But I wasn’t quite as pleased the author of an article in the Huffington Post about Pope Francis’ first encyclical Lumen Fidei (The Light of Faith) co-authored with the previous Pope, Benedict XVI. The author says that the encyclical ‘…reflects Francis’ subtle outreach to nonbelievers’. While I consider myself an atheist, I’m a cultural Catholic, brought up with that religion. Since so many of my loved ones are observant Catholics and the Catholic church is so influential in the world, I’m very interested in what goes on in it. The first encyclical of a new Pope is a big deal, and this encyclical does a good job of promoting Catholic teaching with inspirational language and metaphors. However, the authors also resort to bad arguments to make their point. In many instances, they do so by contrasting their doctrines, for positive effect, against ‘straw man’ versions of non-believers’ views. In others, they set up false dichotomies, where they present Catholic doctrine as the only positive alternative to something bleak. I was disappointed that such educated and influential men, willfully or otherwise, so thoroughly mischaracterized attitudes and beliefs of secular people. 

As I’m sure you know, a ‘straw man’ argument is the logical fallacy of first constructing a caricatured or artificial version of an opponent’s arguments, then attacking the false arguments in place of the real ones. A false dichotomy is a related fallacy, where the argument is presented as offering only two possible choices: the (arguer’s) favored position, or an opposing, usually unattractive or unbelievable one. While often effective in politics, these tactics are recognizable as a sign that the arguer finds themselves in a disadvantage. They might find that they can’t understand the arguments of his opponent, they might find that the opponent’s real arguments are so strong that they can’t find a way to answer them, or they might find that they’re worryingly attractive to others so they wish to obfuscate, misrepresent, or conceal them. The first two are less likely in this case as the authors are educated and articulate men. I think something like the latter is what’s going on here. 

I also found that the encyclical promoted some worrying misconceptions about human beings, our nature and how we actually go about thinking, learning, being good, and finding meaning for ourselves. They describe human nature through the lens of a very narrow Catholic conception, which is to be expected, but they ignore, denigrate, or dismiss the validity of other accounts of human nature, informed by the sciences, the liberal arts, and other belief systems. 
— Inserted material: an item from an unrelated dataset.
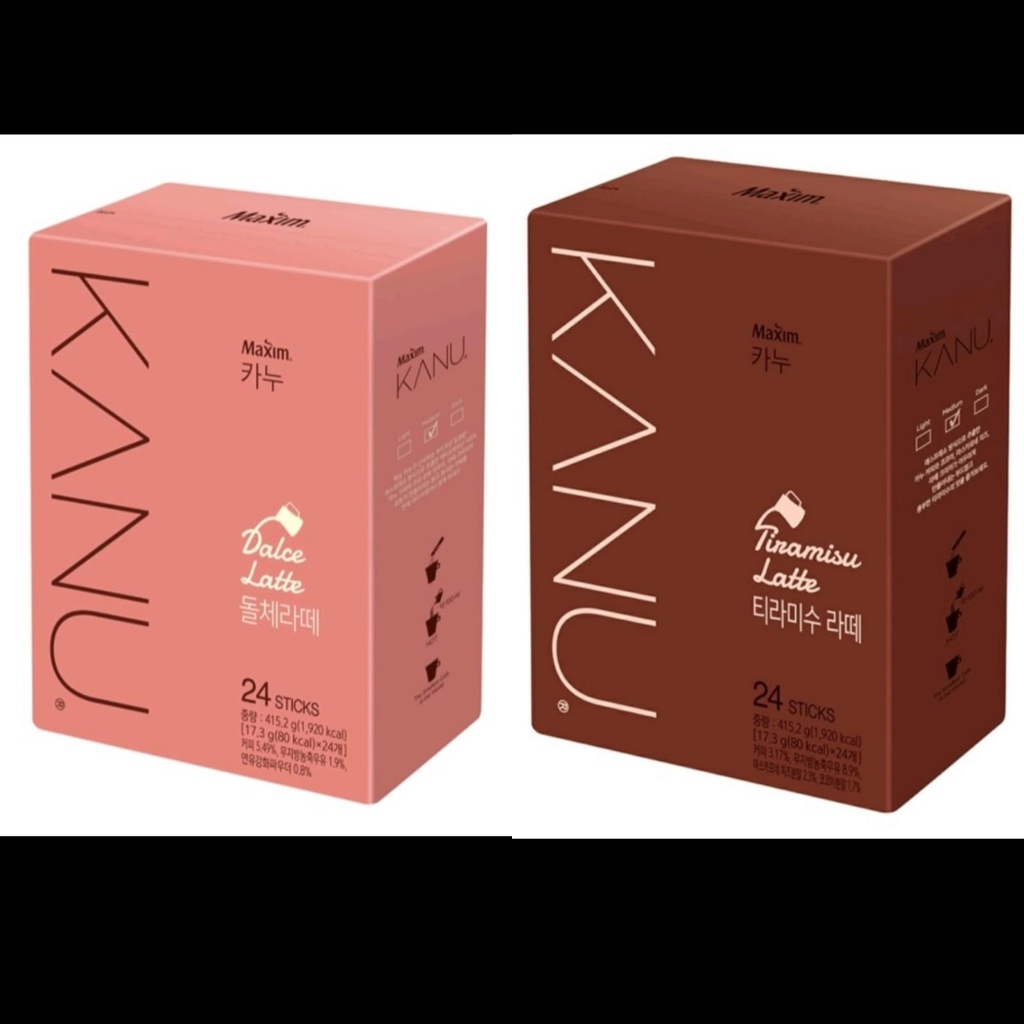 Jual Maxim KANU Tiramisu Latte Dolce Latte Coffee Korea Kopi Sachet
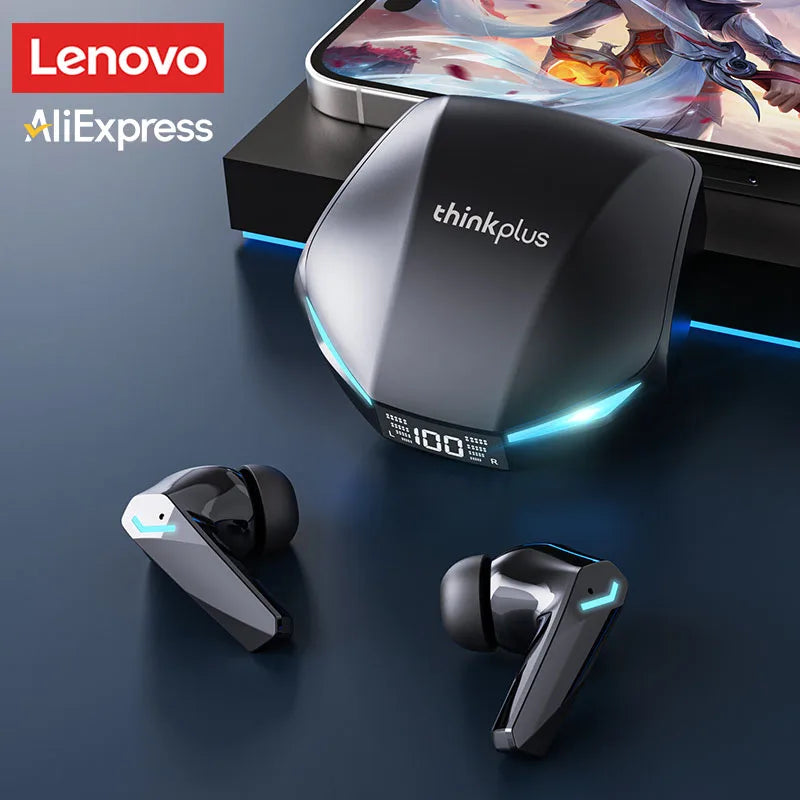 Choice Lenovo GM2 Pro TWS Wireless Bluetooth V5.4 Earphone HD Call Low Latency Headphones Dual Mode Music Gaming Earbuds GM2PRO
It’s especially clear from sections 2 and 3 that the Popes feel the Catholic Church is under attack by the scientific revolution, where evidence and reason are generally prized over tradition and belief. Perhaps this is the origin of the backlash against secularism and naturalism that’s characteristic of the poor arguments throughout the encyclical. The ways they present secular and atheistic thought is not new or unique to these men; they’re commonly held views, a fact very recently highlighted by Oprah Winfrey’s response to a self-professed ‘spiritual atheist’ interviewee. Yet the Popes could have offered a defense and promotion of their doctrines without the bad arguments, and their work would have been much better for it. It’s too bad that here again, the thoughts, motivations, beliefs, and characters of so many, in this case, naturalist, atheist, agnostic, and otherwise secular people, are misrepresented to such a large audience by influential men who I think should know better.

It’s true that there are some non-believers who are so, or become so, out of lack of interest, out of ignorance, or even simply to get out of following the rules of religion. But in my years of reading and research, I think the majority reject religion for worthy reasons. There are plenty of rational and moral reasons why people don’t believe in gods or a God as any religious tradition has conceived them or It. I think most secular people, from those who are personally believers of some sort but who value a society free of religious coercion, to the most ardent atheists, have done a lot of thinking on the matter, and this essay, I’m talking about these people. I’ll refer to them generally as secular thinkers, and to their musings as secular thought.

Here are some specific instances where I think the Popes got it wrong (there are plenty others). All quotes are from the encyclical ‘The Light of Faith’, in order of the sections they appear in, and my response follows directly after each:

From section 2:

‘Slowly but surely, however, it would become evident that the light of autonomous reason is not enough to illumine the future; ultimately the future remains shadowy… As a result, humanity renounced the search for a great light, Truth itself, in order to be content with smaller lights which illumine the fleeting moment yet prove incapable of showing the way. Yet in the absence of light… it is impossible to tell good from evil…’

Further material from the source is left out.